In an article he wrote for a gay magazine in 1962, Gerber likened the next few days to an “Unholy Inquisition.” After police discovered the existence of his group—the innocuously named Society for Human Rights—Gerber spent five days in jail before being released on bail. Although he was never charged, he was fired from the post office. Many of his gay acquaintances refused to be seen with him, fearing undue attention.

If we visualize the history of the gay-rights movement in the U.S. as a scatterplot, Gerber’s Society for Human Rights is an outlier dot, a lone outburst of activism that arrived nearly three decades ahead of its time. Traditional accounts of U.S. queer history tend to begin in the 1950s, when organizations such as the Mattachine Society and the Daughters of Bilitis ushered in the first, tentative era of activism. Then, the story goes, the 1969 Stonewall riots unleashed the movement’s more radical, liberationist phase. The Society for Human Rights, which existed for less than a year, from 1924 to 1925, and which aimed to create a political constituency around gay rights, is often reduced to a footnote. But the existence of Gerber’s organization complicates things: If queer people were organizing themselves in the 1920s, what happened to the movement in the 30 years or so in between?

In An Angel in Sodom: Henry Gerber and the Birth of the Gay Rights Movement, Jim Elledge, a veteran chronicler of gay Chicago, makes the case that we should consider Gerber not an asterisk, but a forefather of the gay-rights movement—one who would influence later generations of activists. In telling Gerber’s story, An Angel in Sodom offers a rare glimpse into a 1920s and ’30s queer world about which we still know precious little. After Gerber, the movement didn’t disappear—it just went underground.

Born in Passau, Germany, in 1892, Henry Gerber first arrived in Chicago at the age of 21 with his younger sister. There, he found a hidden but vibrant gay scene that spanned saloons, vaudeville shows, and street corners in the city’s Towertown neighborhood.

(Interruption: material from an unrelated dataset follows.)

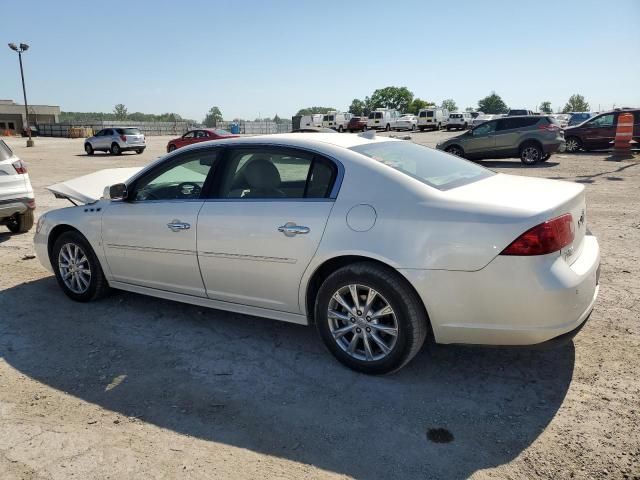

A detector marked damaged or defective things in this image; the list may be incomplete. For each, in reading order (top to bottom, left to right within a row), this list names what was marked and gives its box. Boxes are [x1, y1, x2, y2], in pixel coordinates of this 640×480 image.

damaged white car [33, 133, 600, 374]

A chagrined city investigator once estimated that “twenty thousand active homosexuals” lived in Chicago. Anyone could enter their world, if they only knew where to look.

The police were active too. Gerber was arrested for having sex with men, and around the time the U.S. entered World War I, he was committed to an insane asylum. In 1919, Gerber, who had up until then gone mostly by his birth name, Josef Dittmar, unofficially changed his name in order to hide his medical history. He enlisted in the Army and was dispatched to Koblenz, Germany, to work as a proofreader for a military newspaper. There, Gerber found one of the world’s most open and progressive gay scenes. He was particularly inspired by the Institute of Sexual Science, a research organization headed by the renowned sexologist Magnus Hirschfeld, who gave trans people formal ID cards that helped them avoid arrest for cross-dressing.

Gerber returned to Chicago in 1923, buoyed by a newfound understanding of what gay activism could look like. “Unlike Germany, where the homosexual was partially organized,” Gerber wrote in 1962, “the United States was in a condition of chaos and misunderstanding concerning its sex laws.”